Aunque la celebración de la Santa Misa para la comunidad Columbana en la capilla de nuestra casa parecía ser una carga para el padre Jack, él continuó inscribiéndose en la lista para celebrarla. A sus más de ochenta años, le costaba ponerse las vestiduras, le costaba seguir el misal y le costaba pronunciar la homilía. Por estas razones, sus hermanos Columbanos le aconsejaron que dejara de celebrar la Santa Misa en público.
Sin embargo, de vez en cuando, la comunidad de migrantes coreanos invitaba al padre Jack a celebrar la misa. Como había pasado muchos años como Misionero Columbano en Corea, esa invitación siempre le encantaba.
En una ocasión, compartí esas reservas con algunos miembros de la comunidad de migrantes coreanos. Ellos reconocieron las dificultades del padre Jack: sus movimientos eran generalmente torpes, su mensaje era a menudo incoherente y se distraía con facilidad. Sin embargo, me pareció que ninguna de estas limitaciones les importaba mucho.

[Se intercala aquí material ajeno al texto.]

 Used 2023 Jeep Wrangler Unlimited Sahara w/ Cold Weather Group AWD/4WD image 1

Al ver mi expresión de desconcierto, uno de ellos me explicó pensativamente: «Para nosotros, el padre Jack es como nuestro abuelo. Sabemos que ahora tiene varias limitaciones debido a su edad avanzada, pero nunca podremos olvidar todo lo que ha hecho por nosotros, apoyándonos y cuidándonos en esta ciudad extraña durante muchas décadas. Incluso ahora, él sabe lo que hay en nuestros corazones y nosotros sabemos lo que hay en el suyo. Su presencia aquí entre nosotros sigue siendo una fuente de aliento, fortaleza y consuelo para nosotros.
Aunque a muchos de nosotros, misioneros más jóvenes, nos gusta pensar que participamos en diversos proyectos y programas que provocan cambios que tienen un impacto visible en nuestro mundo, la verdad es que, la mayor parte del tiempo, lo único que podemos ofrecer a quienes nos rodean es nuestra presencia. En varios de nuestros países de misión, la inestabilidad política, la corrupción y la pobreza durante muchas décadas han provocado una parálisis generalizada en la sociedad. Aunque los misioneros se sienten tan impotentes como la población local en sus esfuerzos por lograr los cambios tan necesarios, nuestra voluntad de permanecer con ellos, de llevar nuestras propias cargas junto a ellos y de confiar en que Dios está siempre presente en el caos de la vida, proporciona consuelo, fortaleza y esperanza a muchos de los que nos rodean.
Durante la temporada navideña, al meditar en la escena del pesebre, llegamos a la renovada comprensión de que Jesús vino en misión entre nosotros como un bebé indefenso. Él es Dios con nosotros. Su presencia misma nos asegura que Dios está entre nosotros y que comparte con nosotros las cargas y las alegrías de este mundo.
Al igual que un abuelo frágil y olvidadizo, un bebé indefenso nos recuerda que, cuando vemos a los demás tal y como son, en lugar de por lo que pueden hacer, entonces percibimos a Emmanuel, la presencia misteriosa y consoladora de Dios entre nosotros en medio del caos de nuestro mundo.